== TASK PROMPT ==
Within the entries below, output exactly the lines between the line containing "Here's a good" and the line containing "Hello, my name", inclusive, and omit any picture.
[DATASET CONTENT — start]
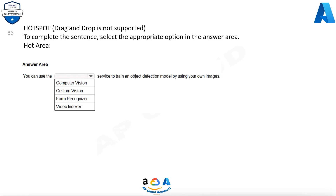Question 83: To complete the sentence, select the appropriate option in the answer area. You can use the computer vision, custom vision, form recognizer, or video indexer service to train an object detection model by using your own images.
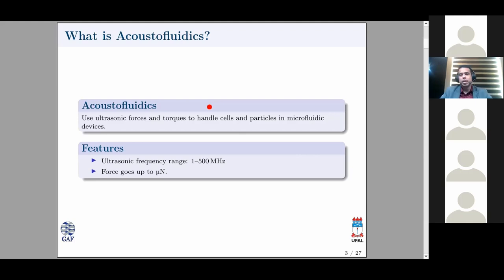We're talking about fewer than microliters — going even to picoliters — with a linear scale of about 100 micrometers for channel widths and micro-environments. An important feature of acoustofluidics is the frequency range, which determines a lot about how your radiation force and torque will behave. You can have strong forces at the micro scale, ranging up to micronewtons — a real punch if you think about a cell with an average size of 10 micrometers.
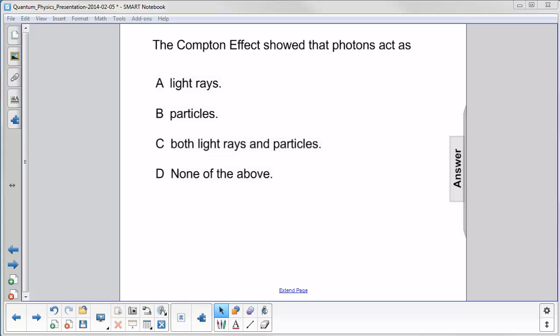Compton scattered photons off of a target. Electrons were emitted, and photons came out at a different angle from what they came into the target, and they had a lower energy and a longer wavelength. He postulated that the photons were actually acting as particles.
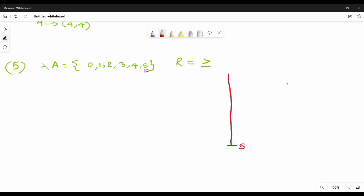25 — greater than or equal to one is the key. So 5, 4, 3, 2, 1, 0. Done. So following the steps, we finish the final Hasse diagram. So this is the Hasse diagram.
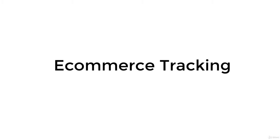In this video you're going to learn how to set up e-commerce tracking in Google Analytics so that you can measure the number of transactions and revenue that your website generates.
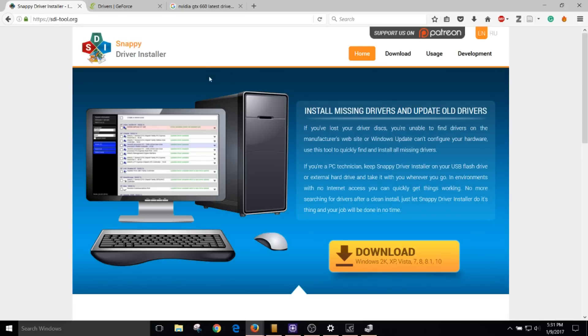And this is one of the best driver installer softwares out there. You've probably seen many other YouTubers use other driver installers, but I can assure you this is a very good driver installer.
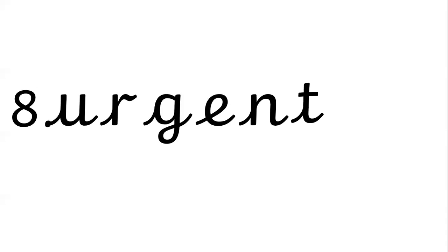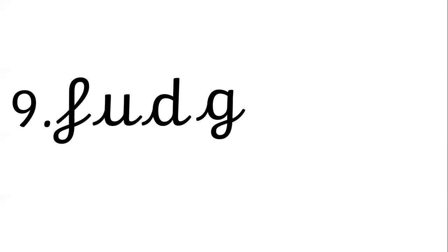Number eight is urgent. U-R-G-E-N-T, urgent. Number nine is fudge. F-U-D-G-E, fudge. And number ten is gerbil. G-E-R-B-I-L.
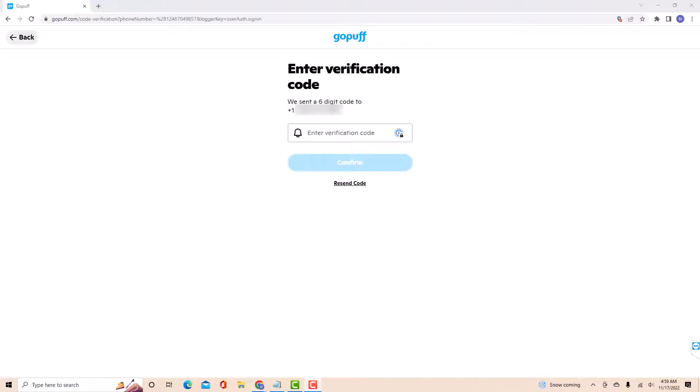So you will receive a six-digit code to the phone number you provided. Once you received it, enter it, then click on continue.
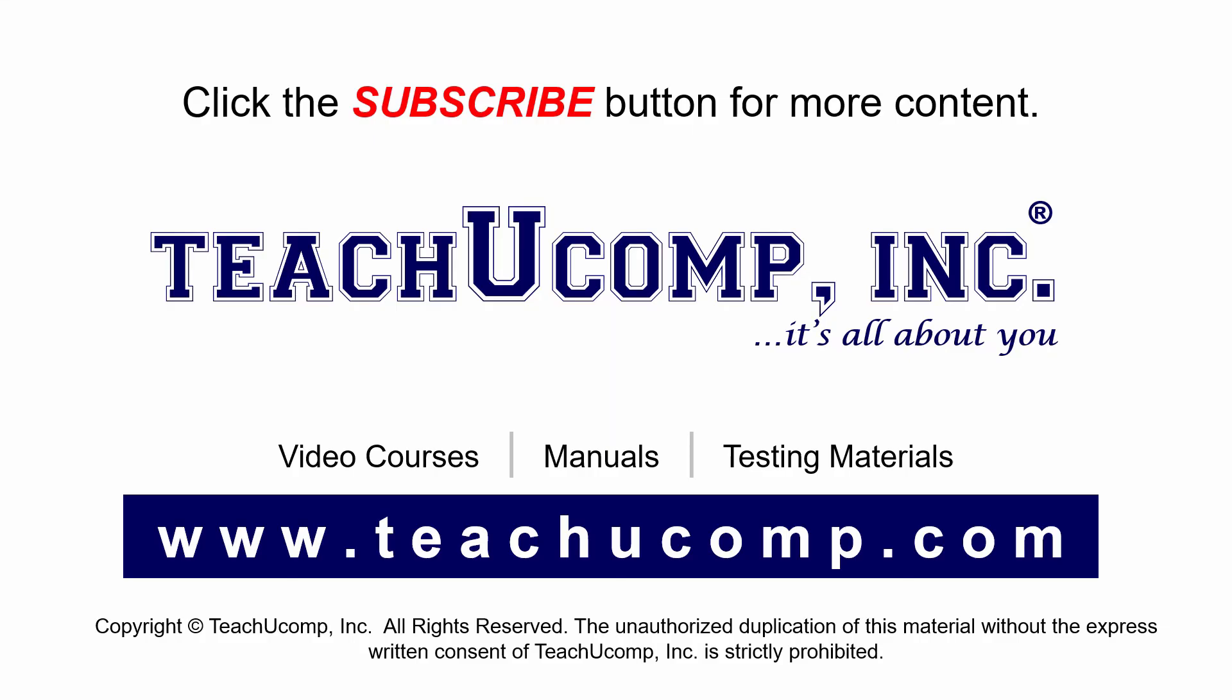Remember to click the subscribe button to see more of our videos. Get ad-free courses at teachucomp.com.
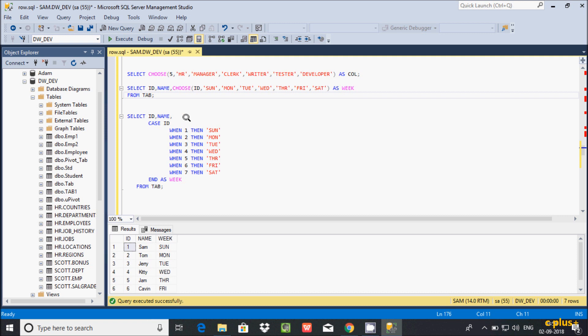SQL Server introduced the CHOOSE function to make code simpler. Previously we used the CASE statement, which required writing many things. With CHOOSE, you only need two lines of query. This is the difference between CHOOSE function and CASE statement in Microsoft SQL Server Management Studio. I hope this video is helpful — thanks for watching!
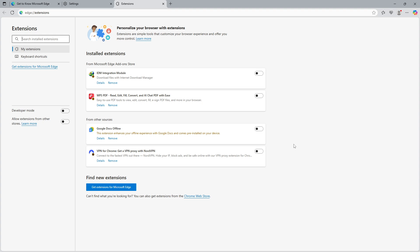Hopefully, these steps have been clear and helpful. Don't forget to adjust these settings whenever necessary to suit your browsing habits. Thanks for watching and enjoy a more streamlined internet experience.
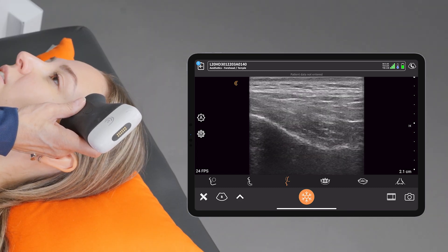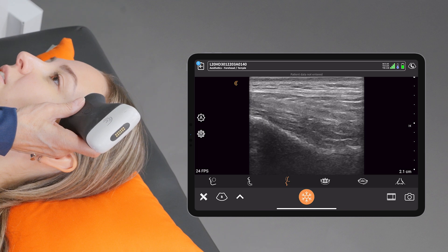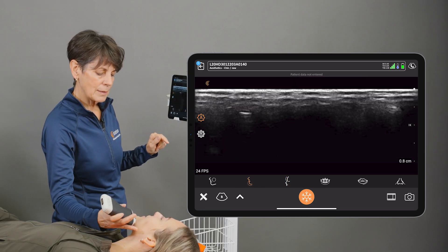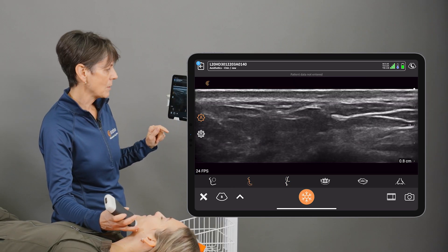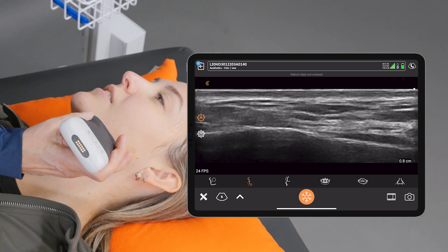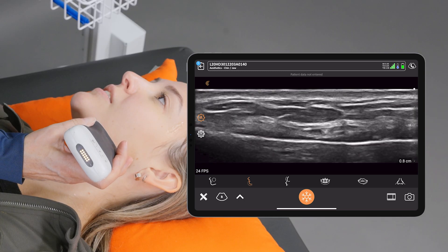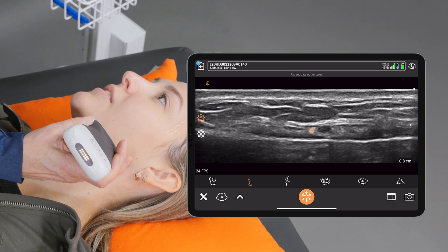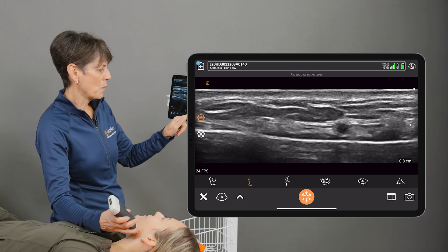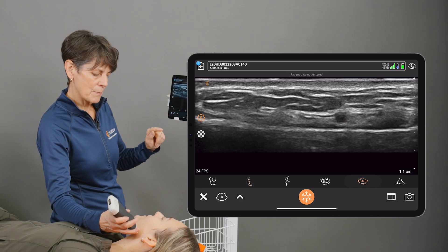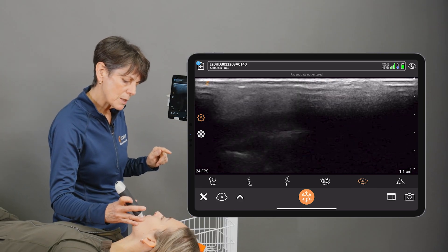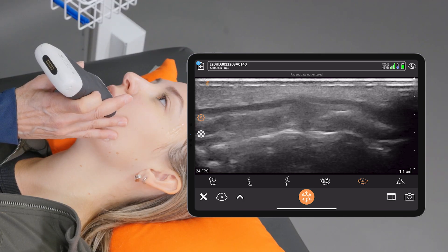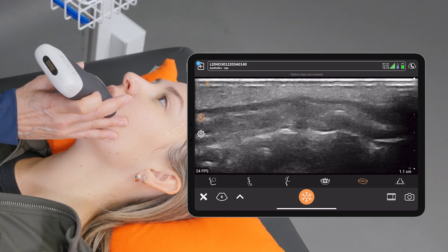If I want to switch to the jaw, I can just tap on the jaw icon, and then we can zip down to the jaw line here and image that nice facial artery. And if I want to do a quick switch over to the lips, we can just switch to the lip preset and image that nice orbicularis oris muscle.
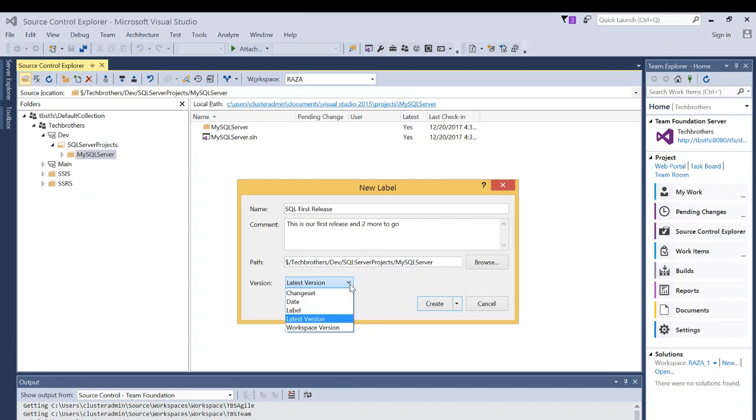Obviously, label itself as well and latest version and if you're working on your local repository, you can save that as a workspace version if you have different version of your workspace. But I'm going to use the latest version and click on create.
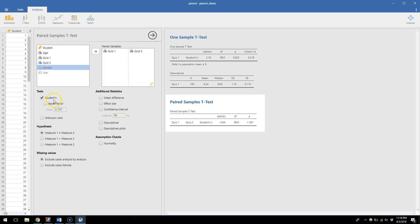Once we look at our options again, we'll stick with the Student's t-test. For the hypothesis, we have decisions to make about whether we're running a two-tailed or one-tailed test. Let's keep it as the default two-tailed test. If I don't specify in a homework, you can assume I'm asking for a two-tailed test. So here we're saying that measure one is unequal to measure two — quiz one on average will be different from quiz two.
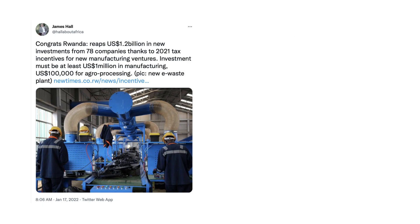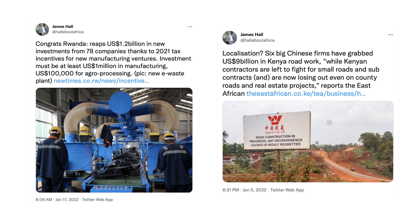Here's a good example of a growth-enhancing story. In Rwanda in 2021, they achieved over $1.2 billion of new foreign investment from 78 countries, including agro-processing manufacturing capability. For many countries, foreign investment coming in can be a source of growth. But there are downsides — six big Chinese firms grabbed $9 billion in the Kenyan road network, and smaller Kenyan firms aren't necessarily getting those big contracts. Yes, the roads get built, but the size of the multiplier effect from this investment might be much smaller.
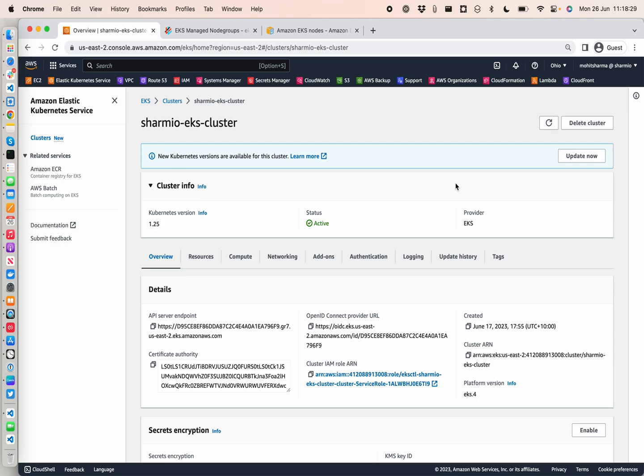Hello everyone, welcome back to my channel called Shermio. Today in this demonstration I'm going to show you how you can actually run different EKS node groups for your workloads for scheduling your pods.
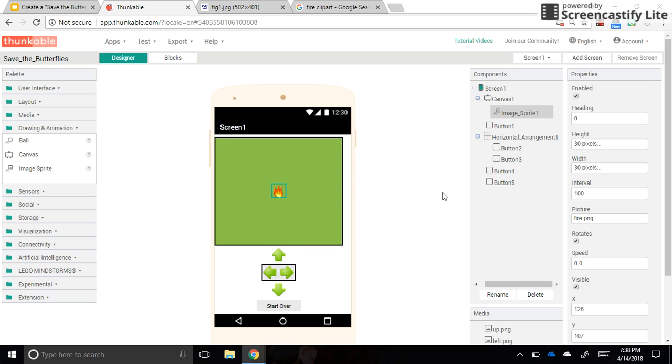Hello and welcome to part two of the Save the Butterflies app tutorial using Thunkable. I'm going to show you how to get the fire to move around when you press the buttons.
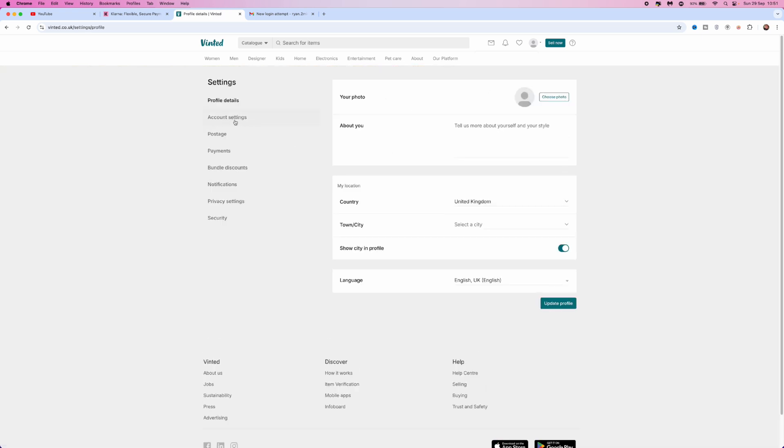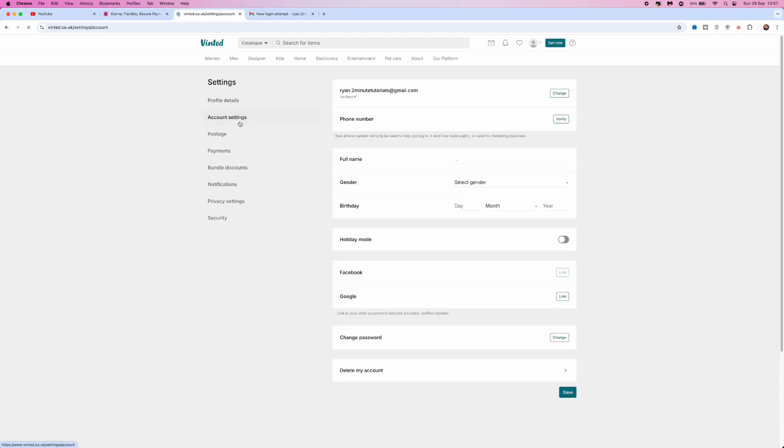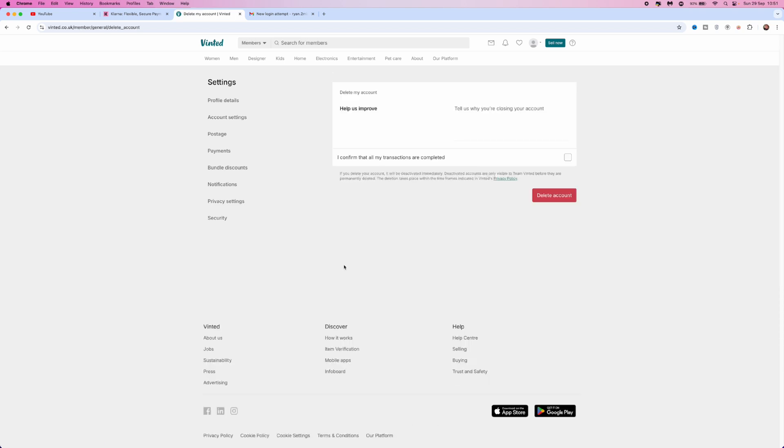Once you select Settings, go to the left-hand side and click on Account Settings. Then, as you'll notice down at the bottom, there is now an option to Delete My Account.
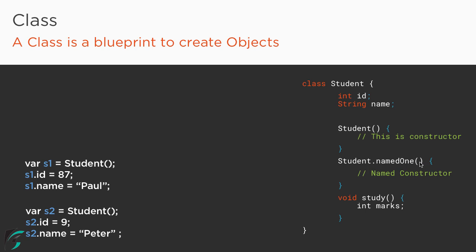Within the parenthesis if you want you can pass some parameters and make it a parameterized constructor. Within the class you can have as many functions you want to, such as the behavior of study or sleep or walk or eat.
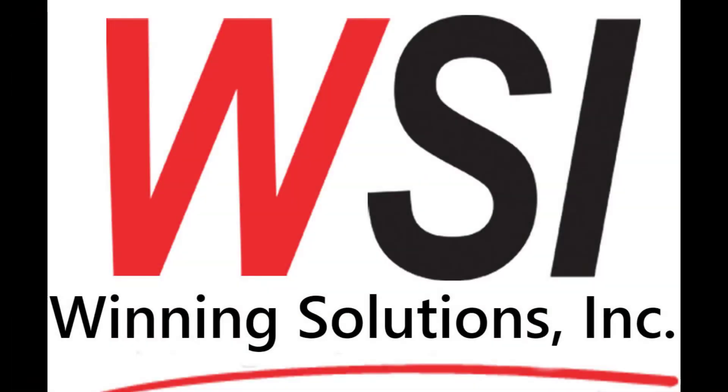Hello, my name is David with Winning Solutions. We hope this video will be all the help you need. Are you trying to create an Access database, but find that it's too much work, or you could be doing something more productive with your time? WSI can do all the hard work for you. Just contact us via the information below this video.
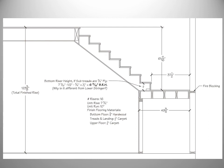Here is the cross section for the upper stringer. Note that the depth of the platform allows the heel of the upper stringer to fully rest on top of the landing. Also note that the height from the top of the landing to the top of our finished upper floor is the same as the lower height.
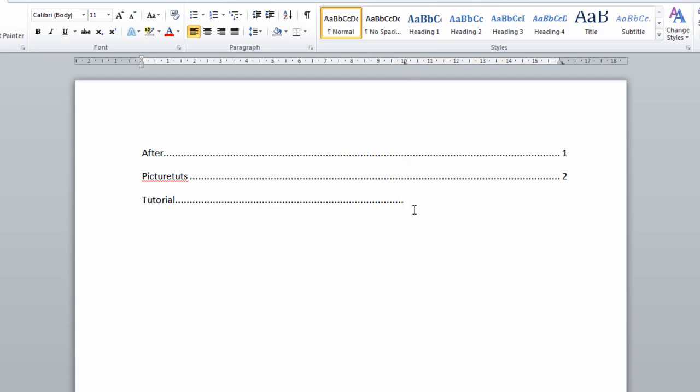That's how you do a dot leader line in Microsoft Word. I hope this was easy to understand, and be sure to leave a like if it was helpful.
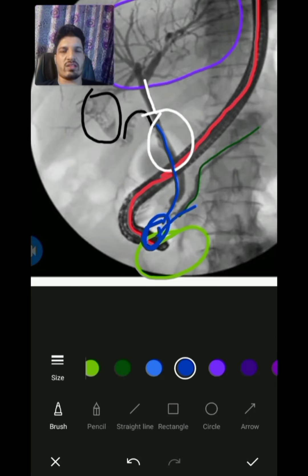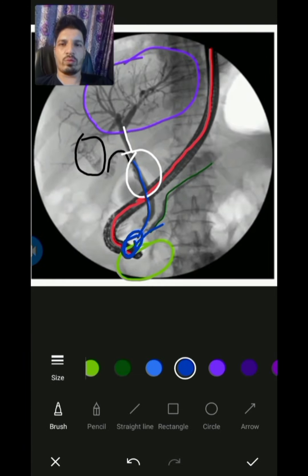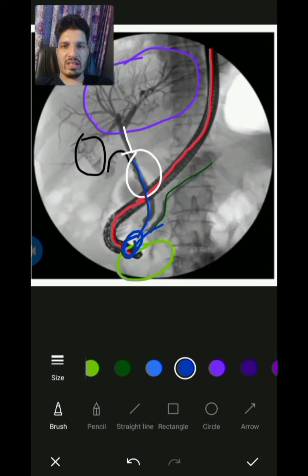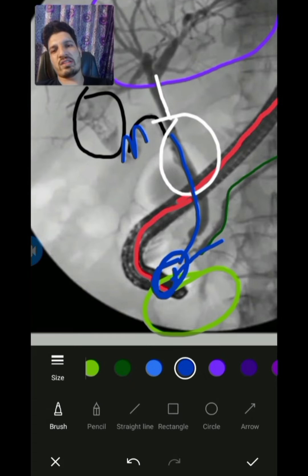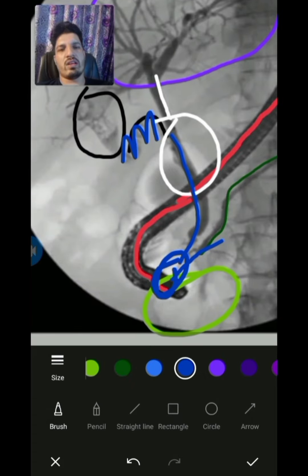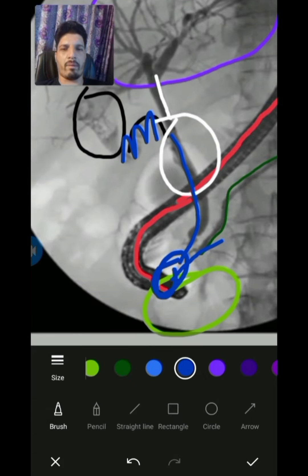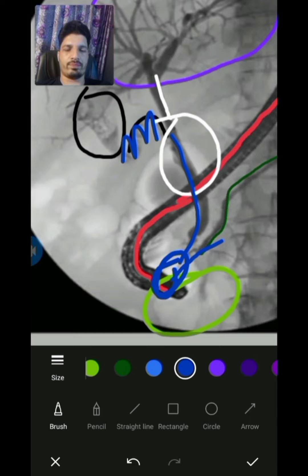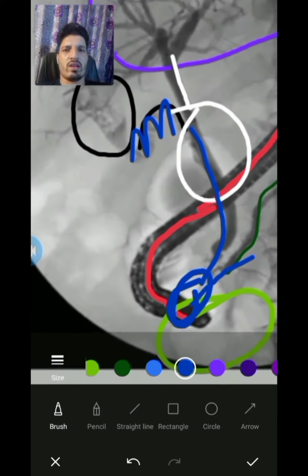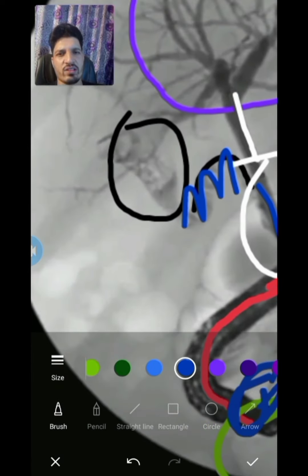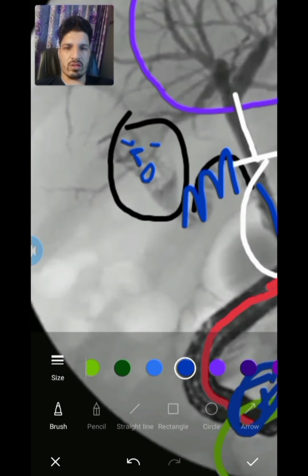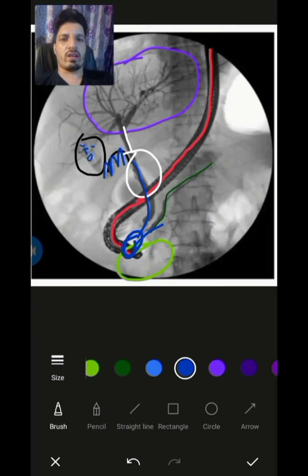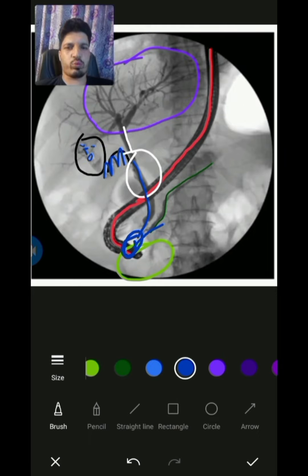By now you must be very clear about the anatomy of this system and you will be able to read ERCP in a very clear way. Here you are seeing the pattern of the cystic duct, and you might be seeing that there are filling defects, which are basically due to gallstones in the gallbladder.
[DATASET CONTENT — finish]
== ANSWER TO THIS EXERCISE ==
Here's a good example of a growth-enhancing story. In Rwanda in 2021, they achieved over $1.2 billion of new foreign investment from 78 countries, including agro-processing manufacturing capability. For many countries, foreign investment coming in can be a source of growth. But there are downsides — six big Chinese firms grabbed $9 billion in the Kenyan road network, and smaller Kenyan firms aren't necessarily getting those big contracts. Yes, the roads get built, but the size of the multiplier effect from this investment might be much smaller.
Hello everyone, welcome back to my channel called Shermio. Today in this demonstration I'm going to show you how you can actually run different EKS node groups for your workloads for scheduling your pods.
Hello and welcome to part two of the Save the Butterflies app tutorial using Thunkable. I'm going to show you how to get the fire to move around when you press the buttons.
Once you select Settings, go to the left-hand side and click on Account Settings. Then, as you'll notice down at the bottom, there is now an option to Delete My Account.
Within the parenthesis if you want you can pass some parameters and make it a parameterized constructor. Within the class you can have as many functions you want to, such as the behavior of study or sleep or walk or eat.
Hello, my name is David with Winning Solutions. We hope this video will be all the help you need. Are you trying to create an Access database, but find that it's too much work, or you could be doing something more productive with your time? WSI can do all the hard work for you. Just contact us via the information below this video.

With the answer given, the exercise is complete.